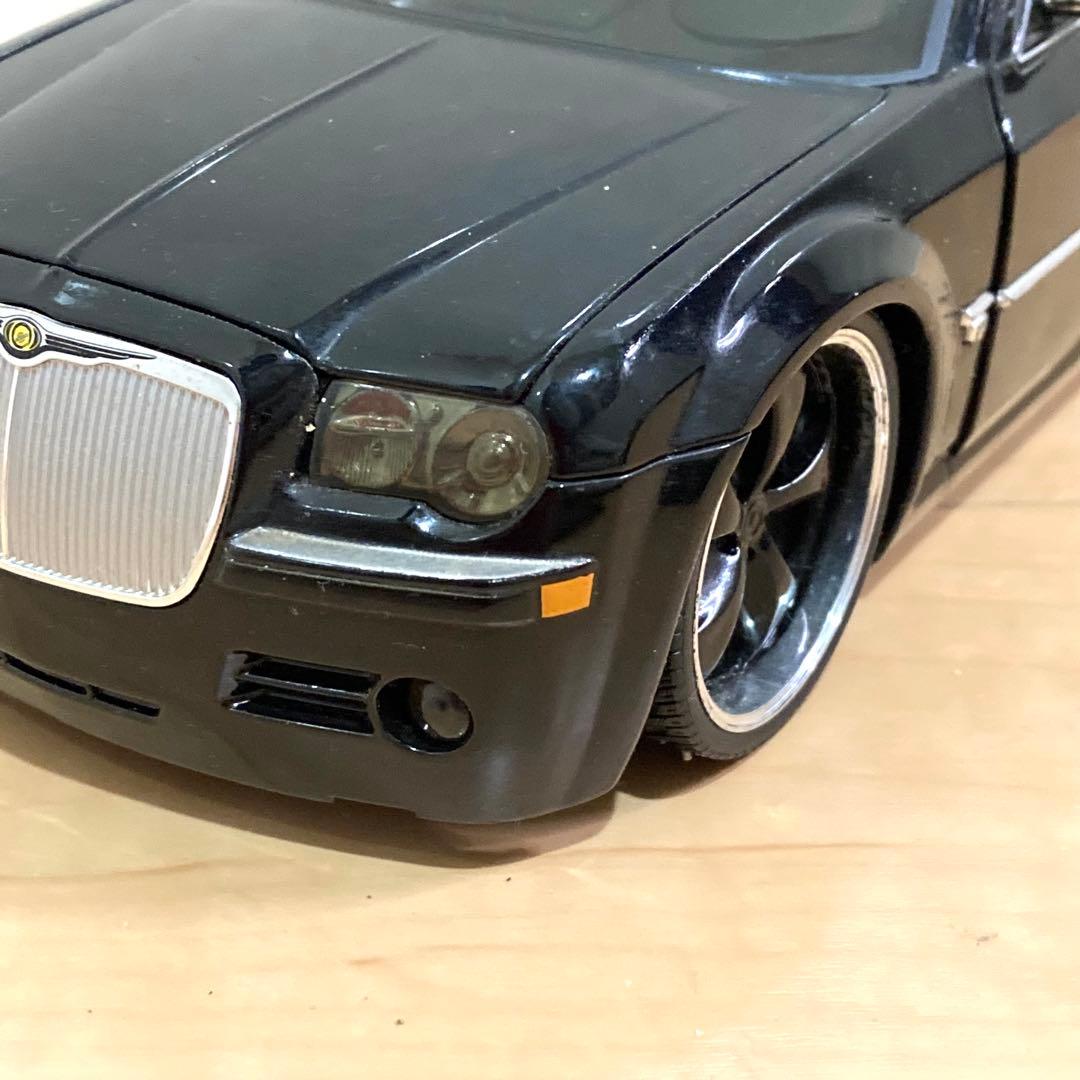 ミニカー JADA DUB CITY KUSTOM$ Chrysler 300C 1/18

==

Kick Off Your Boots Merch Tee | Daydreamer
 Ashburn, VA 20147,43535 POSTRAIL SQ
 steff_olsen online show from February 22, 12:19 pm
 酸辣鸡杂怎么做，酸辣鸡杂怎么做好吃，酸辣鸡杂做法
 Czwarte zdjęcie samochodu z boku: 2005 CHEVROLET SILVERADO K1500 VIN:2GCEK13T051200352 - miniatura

EXERCISE | Within the material above, output exactly the lines from the one with "酸辣鸡杂怎么做，酸辣鸡杂怎么做好吃，酸辣鸡杂做法" through the one with "Czwarte zdjęcie samochodu", end lines included, and nothing besides.

FINAL ANSWER |
 酸辣鸡杂怎么做，酸辣鸡杂怎么做好吃，酸辣鸡杂做法
 Czwarte zdjęcie samochodu z boku: 2005 CHEVROLET SILVERADO K1500 VIN:2GCEK13T051200352 - miniatura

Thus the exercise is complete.